Well, I seriously doubt you will even SEE snow through Texas, which most of your I-10 trip will be in. It's in the 80's outside right now. This weekend they are expecting mid 60's for lows. It will be a bit cooler than this when you actually make your trip, but you shouldn't be dealing with any snow. 
If you were driving straight though and staying at hotels, i'd suggest taking a shortest route, but if you plan on making it a several day camping trip, might as well do it where you can enjoy the weather.


----------



## silverz51 (Jul 27, 2011)

Shadow said:


> Well, I seriously doubt you will even SEE snow through Texas, which most of your I-10 trip will be in. It's in the 80's outside right now. This weekend they are expecting mid 60's for lows. It will be a bit cooler than this when you actually make your trip, but you shouldn't be dealing with any snow.
> If you were driving straight though and staying at hotels, i'd suggest taking a shortest route, but if you plan on making it a several day camping trip, might as well do it where you can enjoy the weather.


Any good ideas about nice camping places along the route? Would Big Bend be a worthwhile detour?


----------



## artmart (Sep 21, 2010)

I kinda agree with Shadow. If you stay along I-90 to the Dakota, then head to the St Louis area you are constantly in the path of snow possibilities for several days and this will eliminate any camping possibilities.
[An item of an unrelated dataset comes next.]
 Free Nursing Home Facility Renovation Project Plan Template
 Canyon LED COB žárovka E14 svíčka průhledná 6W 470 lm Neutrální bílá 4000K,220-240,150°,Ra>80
Your route down 101/1 gets you out of snow possibilities much quicker. It might be cold going south too, but being that close to the ocean, the salt air makes it hard for snow to form unless it's real wintry and it might be too early in the year for that.

At least the weather should be better going south. You've gotta imagine that whatever weather you run into going south, it would have been a LOT colder in the North. Please realize weather tends to go Eastbound and gets colder as it does, during this time of year. No doubt it's gonna be cold all the time, but in the future, you will be quite happy with the trip down the western coast. Save I-90 for summer travel when the south gets too hot!

Adding Big Bend National Park in Texas is another nice diversion and would add another day to the trip because after you get there you might want to spend some time. I have many friends who have been there and will take their RVs there for the winter snowbirding. Funny thing about Texas. When you don't go straight, you will be adding a lot of distance. Texas is BIG, not like I-40 through the Amarillo panhandle. Any angular change adds quite a bit of distance if you remember your geometry.


----------



## Shadow (Oct 24, 2011)

silverz51 said:


> Any good ideas about nice camping places along the route? Would Big Bend be a worthwhile detour?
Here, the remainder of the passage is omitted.